FROM: Kathleen Orosco
DATE: September 19, 2014
SUBJECT: Business Formation Options
This memo will outline several options that you may want to consider when you are creating your business. I have taken into consideration your concerns as well as the concerns of your potential investors and I have identified three business formations that I feel would be suitable for your needs.
Corporations can range in size from one owner to thousands of owners. Shareholder can include family members and friends. Also, this is ideal for a company who is looking to expand globally. “Some privately held companies are large in size, such as S. C. Johnson & Son, Inc. (often referred to as “S. C. Johnson, A Family Company”), which is a global company with more than 10,000 employees.” (Cheeseman 481)
As a corporation, shareholders, who are the owners of the corporation, elect a board of directors and are able to vote on major decisions within the corporation.
A corporation offers protection by limiting your exposure to liability. If your company were to be sued, only the company’s assets would be at risk and not your personal assets. If you are a stockholder or an officer, your liability is limited to the amount of monies that you have invested into the company. “Setting up a corporation can also be an especially useful way to limit risks if you have one or more business partners. For example, if you are a professional with a partner who gets hit with a malpractice suit, the corporation will protect your personal assets. Wool, R. (1988).

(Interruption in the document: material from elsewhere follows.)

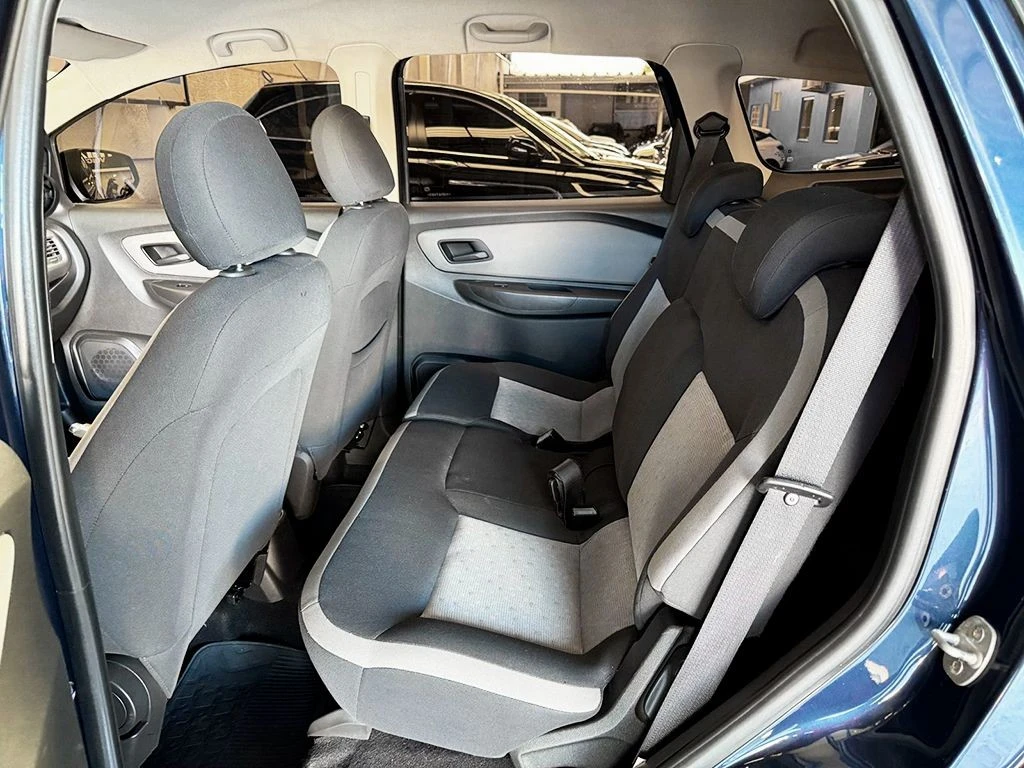 CHEVROLET SPIN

A corporation requires much more work to create, and is more complicated to maintain. You will have annual reporting which would require financial data and performance review.
A major drawback to a corporation would be that you could be double taxed. There is a tax on the profits and then it is taxed again when it is paid to the shareholders.
Tax forms can be very complicated and may require the assistance of a hired tax professional.
Limited Liability Company (LLC)
If you choose this option, it will allow for several features that are beneficial when considering taxes as well as personal liability. With an LLC, you can have one or several owners with one managing member. The profits and losses are reported on the owner’s personal tax return. Because of this, the bottom line profit is not earned income. This allows for the monies to not be taxed under a self-employment tax.
This option also offers the owner the limited liability. As an owner you will have protection from any current or future judgments. ““The owners of interests in an LLC have been given the same protection as shareholders in a regular corporation. That is, their personal assets are not subject to the claims of business creditors” (Wells, 1994)
The downside to this option is that as a member of the LLC, you are not allowed to pay yourself wages. If you are a managing member, your share of the bottom line is then considered earned income, allowing that you pay a self-employment tax.
The LLC is also not able to become a public company. This could be a negative if you are looking to go public in the future and be listed on the stock exchange.